Qui si trovano le rovine del castello di Yamanaka, uno dei 100 castelli più importanti del Giappone.
Nell'ultima parte dell'era delle guerre civili (epoca Sengoku), il castello fu costruito come importante base per le operazioni di difesa dell'area occidentale del castello di Odawara, di proprietà del clan Gohojo durante il periodo Eiroku (anni 1560).
Quando le relazioni tra Gohojo e Toyotomi Hideyoshi, che mirava all'unificazione dell'intero Paese, si inasprirono, Gohojo iniziò ad ampliare e rinforzare il castello di Yamanaka, preparandosi per un assalto al castello di Odawara.

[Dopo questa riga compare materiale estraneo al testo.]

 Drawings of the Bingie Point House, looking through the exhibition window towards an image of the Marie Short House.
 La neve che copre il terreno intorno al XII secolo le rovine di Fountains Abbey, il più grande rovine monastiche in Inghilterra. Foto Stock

Tuttavia, fu soggetto a un assalto totale da parte dell'esercito di Toyotomi, composto da 70.000 guerrieri, prima che la sua costruzione fosse completata.
Si dice che Gohojo avesse solo 4.000 guerrieri e, di fronte alla schiacciante differenza di forze, il castello cadde in appena mezza giornata.

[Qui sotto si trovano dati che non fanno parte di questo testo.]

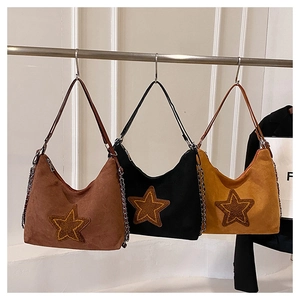 Three vintage matte hobo bags in brown, black, and yellow with star patch and chain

Gohojo fu distrutto e gli edifici del castello furono abbandonati; oggi non ne rimane traccia.
I castelli di montagna costruiti solo con la terra e senza pietre sono molto rari in tutta la nazione.
Il castello è famoso per il suo "fossato a forma di griglia (Shoji-bori)" e "il fossato ondulato (Une-bori)" e questo metodo di costruzione del castello era unico del clan Hojo.
Poiché le zolle erbose delle rovine del castello di Yamanaka impediscono l'invecchiamento, è ancora possibile conservare la struttura del fossato e delle mura di terra per consentire ai visitatori di capire a colpo d'occhio.
Ci sono due percorsi di osservazione, uno da 60 minuti e uno da 120 minuti; se c'è il sole, si può fare un'escursione e magari scorgere il monte Fuji.